For those concerned with numbers, I am a 2000+ miler, but I'm not even exactly sure how many miles I did complete. Let's just say there were a lot of them. I figured out that I took some 48 days off from the trail. My days off were just as much a part of my hike as my days on. I experienced some wonderful things while off the trail and got to fill my hike with many memorable side trips.
It's been a few weeks now since I left the trail. I've taken some time to piece together my thoughts and emotions. I think that right now I'm experiencing a fairly common post trail reaction. I have this overwhelming sense of "directionlessness" to contend with. As I drove away from The Gathering in Hanover and bid my final fairwell to my trail friends, it really hit me that this chapter of my life was drawing to a close and a sense of loss washed over me.
I do have a job to return to on November 17th. I've been spending a great deal of time with friends and family and reliving some of my trail adventures in the retelling of the stories. Overriding it all is a sense of loss. Where to from here? I'm already planning my next adventures to try and give myself something to look forward to. The John Muir Trail in California and The Wonderland Trail in Washington figure large for 1998. After that, I like the idea of an extended vacation in New Zealand and possibly a few months spent on the PCT.

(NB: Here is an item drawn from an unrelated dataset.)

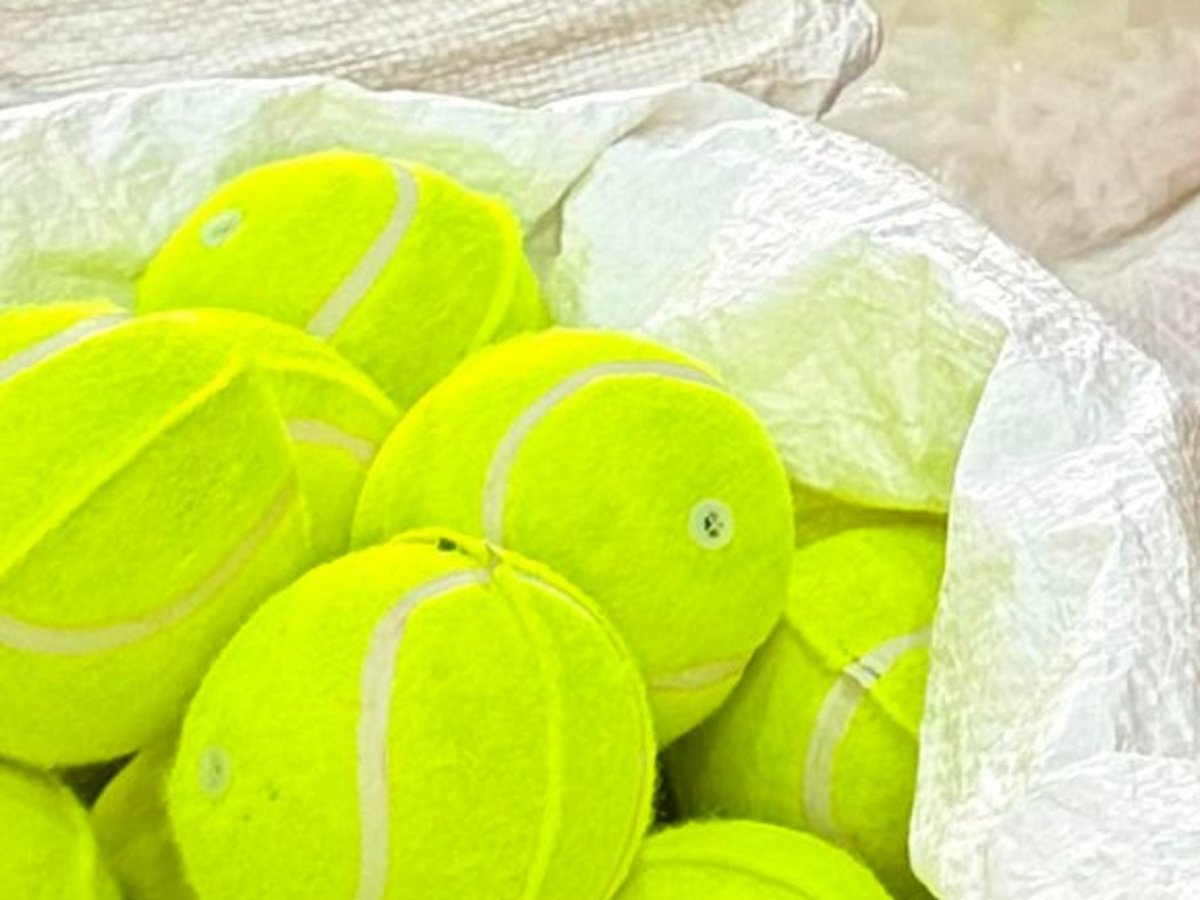 Close-up of finished yellow tennis balls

All of these are hollow comforts right now. Right now I'm facing the task of dealing with society once again. It's a little overwhelming and rather frightening at times. Trying to put my life back in order and find my place among the non-trail community is going to be a challenge.
On the bright side, I face all of this with a deep-seated sense of optimism. I have a smile in my heart when I think of my future because I know I can make it what I want it to be. I have a new-found strength, a new-found confidence in my abilities, and this is what I hold within me when I face the world. The trail has given me these gifts, and I'm sure there are many more as yet undiscovered gifts that I will find deep within me as time goes by.
There were many caring souls who helped me to reach Katahdin. I wanted to express my love and gratitude to a few extra special people though. To my mother, who prayed for me every day, who carried countless drop boxes to the post office, who stood behind me and believed in me at all times, who always offered a safe and comforting home to escape the harshness of the trail when needed, and who had to deal with her own fears and worries as she watched her daughter tackle a daunting and sometimes dangerous task. To FireBall, who was always there to help me out when needed, who had the patience to deal with my emotions under some pretty trying circumstances, and who toted uncounted gallons of water from near and far. To Andy, who made my journal possible, wrote countless letters of encouragement, and was willing to take on a very time-consuming task at a time in his life when other demands made it very difficult. And to Micah, my best friend and the greatest hiking partner that ever lived. I could have never imagined a braver or more courageous companion to share my days with.
I've received quite a number of letters, care packages, and emails from all of you that followed my journal. You have all become a part of my thru-hike, just as much a part of my memories as the hikers I met on the trail. I am honored to have shared a small part of my life with you, and I hope you enjoyed it. My journal turned out to be a considerable amount of work, but the returns have been worth it. Thank you, God bless, and happy trails!